Una palabra para las mujeres
¿Por qué una palabra dedicada a las mujeres? Porque, aunque podamos suscribir casi todo lo que está escrito con anterioridad, a lo largo del tiempo a las mujeres nos ha resultado más difícil sentirnos valiosas, incluso hoy en muchos ámbitos y dentro de la misma Iglesia.
Recordemos algunas realidades:
Conozco mujeres de mi edad, mayores y menores… que han sido la primera hija en su familia y que por esta razón llevan un nombre de varón al que se le ha antepuesto el nombre de María porque sus padres soñaban con un “primogénito varón”. Parece una tontería; sin embargo este hecho ha marcado la vida de algunas mujeres, hiriendo su autoestima, su autoidentidad desde el inicio de su vida.
No está muy lejos el tiempo en que las niñas asistían a la escuela para aprender a hacer “sus labores” y a ser “amas de casa”, cuando el espacio público era impensable para una mujer.
Tampoco está muy lejos el tiempo en que las mujeres no tenían derecho a acceder a estudios universitarios. Basta recordar que algunas, como Concepción Arenal, se atrevieron a transgredir las leyes y costumbres frecuentando las aulas de clase vestidas de varones.
No hace cien años, ¡y qué son en la historia de la humanidad cien años! cuando después de la lucha de mujeres osadas – y algunos varones– se consiguió el derecho al voto femenino. En España, en 1931. Ante este tema, Ortega y Gasset dijo: “La belleza es una virtud de la mujer. Es increíble que haya mentes lo bastante ciegas para admitir que pueda la mujer influir en la historia mediante el voto electoral y el grado de doctor universitario tanto como influye por esta mágica potencia de la ilusión”.
Tampoco hace mucho que alguna mujer atrevida pensó en un estilo de ropa más cómodo para poder respirar dejando los corsés.
Y mucho menos tiempo ha pasado desde que la violencia en los hogares ha dejado de ser problema privado para adquirir estatus público.
Durante mucho tiempo –quizás todavía– la mujer ha sido la culpable del pecado, la incitadora, la seductora, la provocadora… incluso la prostituta por la que los hombres pecan, aunque ya hace mucho una mujer –sor Juana Inés de la Cruz– se atrevió a decir:
Hombres necios que acusáis
a la mujer sin razón,
sin ver que sois la ocasión
de lo mismo que culpáis:(…).
¿O cuál es más de culpar,
aunque cualquiera mal haga:
la que peca por la paga
o el que paga por pecar?
Basta con mirar el Derecho Canónico y observar la vida cotidiana para constatar la diferencia de valoración, facultades y condiciones entre las congregaciones religiosas femeninas y las masculinas.
Y aunque podríamos hablar de otras realidades, lo dejamos aquí, con la absoluta certeza de que aquí no acaba.
Muchas feministas –mujeres y algunos hombres– de todo el mundo van descubriendo que vivir en condiciones patriarcales, por el hecho de padecer condiciones de desigualdad, hace daño a la autoestima de las mujeres.
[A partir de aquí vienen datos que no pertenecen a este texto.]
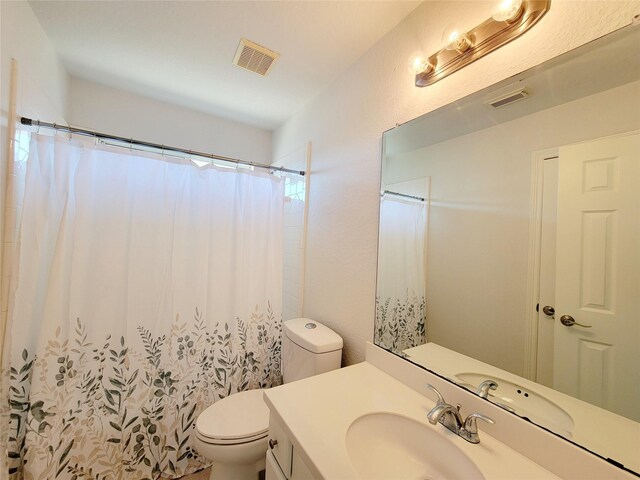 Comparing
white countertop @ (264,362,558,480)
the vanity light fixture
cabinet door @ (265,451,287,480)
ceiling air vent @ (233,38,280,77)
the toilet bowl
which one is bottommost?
the toilet bowl

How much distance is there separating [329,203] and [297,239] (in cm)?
46

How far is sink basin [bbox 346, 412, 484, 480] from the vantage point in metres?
0.72

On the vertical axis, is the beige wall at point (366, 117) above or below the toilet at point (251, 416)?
above

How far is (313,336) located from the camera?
56.0 inches

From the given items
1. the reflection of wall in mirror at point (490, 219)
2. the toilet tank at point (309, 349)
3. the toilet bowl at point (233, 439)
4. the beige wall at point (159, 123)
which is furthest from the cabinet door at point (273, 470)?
the beige wall at point (159, 123)

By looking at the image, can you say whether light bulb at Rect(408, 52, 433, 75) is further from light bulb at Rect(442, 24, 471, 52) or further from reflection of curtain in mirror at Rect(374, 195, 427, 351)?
reflection of curtain in mirror at Rect(374, 195, 427, 351)

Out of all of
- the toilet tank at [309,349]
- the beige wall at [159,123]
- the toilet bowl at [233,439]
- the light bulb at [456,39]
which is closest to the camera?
the light bulb at [456,39]

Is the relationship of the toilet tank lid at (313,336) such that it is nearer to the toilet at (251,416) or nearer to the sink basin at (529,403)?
the toilet at (251,416)

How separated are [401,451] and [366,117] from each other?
146cm

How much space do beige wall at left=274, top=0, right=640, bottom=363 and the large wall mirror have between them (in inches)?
2.6

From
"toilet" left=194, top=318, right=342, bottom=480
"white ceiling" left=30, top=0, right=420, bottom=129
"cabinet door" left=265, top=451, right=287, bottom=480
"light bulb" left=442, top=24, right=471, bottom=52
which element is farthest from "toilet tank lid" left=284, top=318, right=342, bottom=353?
"white ceiling" left=30, top=0, right=420, bottom=129

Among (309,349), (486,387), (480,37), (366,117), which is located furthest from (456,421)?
(366,117)

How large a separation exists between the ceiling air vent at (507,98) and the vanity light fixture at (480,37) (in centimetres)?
16

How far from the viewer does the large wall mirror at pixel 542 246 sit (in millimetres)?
615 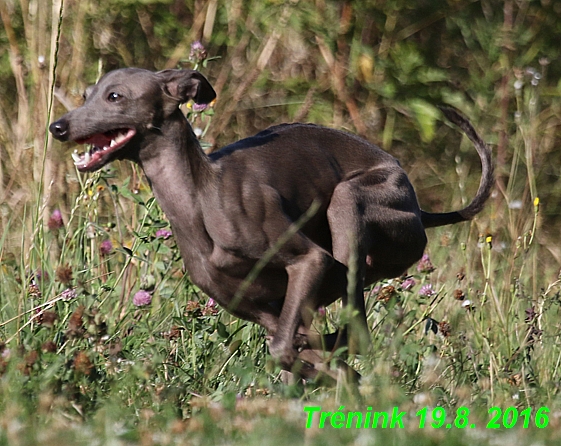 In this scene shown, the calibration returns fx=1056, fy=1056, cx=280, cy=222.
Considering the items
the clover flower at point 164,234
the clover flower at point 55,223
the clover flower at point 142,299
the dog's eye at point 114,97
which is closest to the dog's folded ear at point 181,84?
the dog's eye at point 114,97

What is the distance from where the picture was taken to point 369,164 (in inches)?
197

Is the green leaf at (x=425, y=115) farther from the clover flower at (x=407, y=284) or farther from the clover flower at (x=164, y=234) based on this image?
the clover flower at (x=164, y=234)

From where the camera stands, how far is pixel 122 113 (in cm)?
449

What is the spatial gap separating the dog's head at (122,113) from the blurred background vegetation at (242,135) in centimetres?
48

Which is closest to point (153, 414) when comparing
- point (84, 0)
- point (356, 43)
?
point (84, 0)

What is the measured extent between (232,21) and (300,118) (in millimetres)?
951

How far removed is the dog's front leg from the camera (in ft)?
14.6

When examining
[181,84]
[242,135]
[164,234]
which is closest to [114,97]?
[181,84]

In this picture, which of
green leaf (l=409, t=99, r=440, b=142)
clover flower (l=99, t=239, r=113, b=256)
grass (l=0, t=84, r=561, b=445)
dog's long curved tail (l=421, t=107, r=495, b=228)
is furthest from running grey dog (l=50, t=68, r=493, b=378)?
green leaf (l=409, t=99, r=440, b=142)

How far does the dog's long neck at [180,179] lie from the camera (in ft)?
14.9

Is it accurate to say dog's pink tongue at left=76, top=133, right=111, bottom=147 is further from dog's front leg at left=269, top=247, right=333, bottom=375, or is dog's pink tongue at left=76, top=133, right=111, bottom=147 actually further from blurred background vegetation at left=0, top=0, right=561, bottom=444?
dog's front leg at left=269, top=247, right=333, bottom=375

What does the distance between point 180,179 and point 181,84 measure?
0.42 m

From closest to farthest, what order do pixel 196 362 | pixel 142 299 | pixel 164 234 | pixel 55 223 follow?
1. pixel 196 362
2. pixel 142 299
3. pixel 164 234
4. pixel 55 223

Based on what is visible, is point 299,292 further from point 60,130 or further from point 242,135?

Todas estamos heridas por ser parte de un mundo que coloca a las mujeres bajo dominio. Hoy, muchas organizaciones empeñan su tiempo y sus energías en hacer posible la igualdad y la equidad.
La autoestima, entendida desde este punto de vista, implica que su fortalecimiento consiste en lograr el empoderamiento8 personal y colectivo de las mujeres, y en potenciar nuestra capacidad democratizadora en el mundo. Cada mujer empoderada se convierte en la primera responsable de su sentido de la vida, de su propia felicidad, de su desarrollo personal, y en cómplice de otras mujeres para que también ellas vivan en plenitud9.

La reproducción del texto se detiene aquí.